*Records for processing*
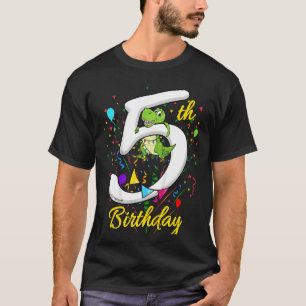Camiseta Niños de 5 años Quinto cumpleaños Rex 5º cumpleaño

...

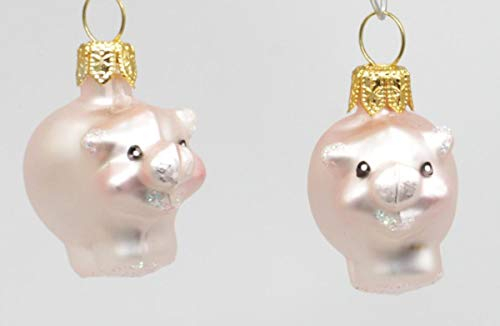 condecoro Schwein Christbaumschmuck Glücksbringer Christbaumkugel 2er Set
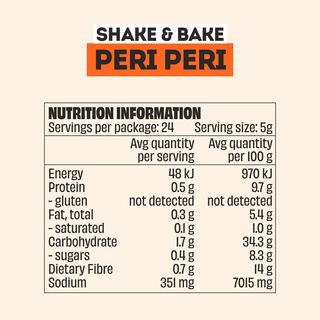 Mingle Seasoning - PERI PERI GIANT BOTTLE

*Activity*
Extract from the material above the stretch running from the line containing "condecoro Schwein Christbaumschmuck" through the line containing "Mingle Seasoning - PERI PERI GIANT BOTTLE". Keep the text exact and the pictures out.

*Your response*
 condecoro Schwein Christbaumschmuck Glücksbringer Christbaumkugel 2er Set
 Mingle Seasoning - PERI PERI GIANT BOTTLE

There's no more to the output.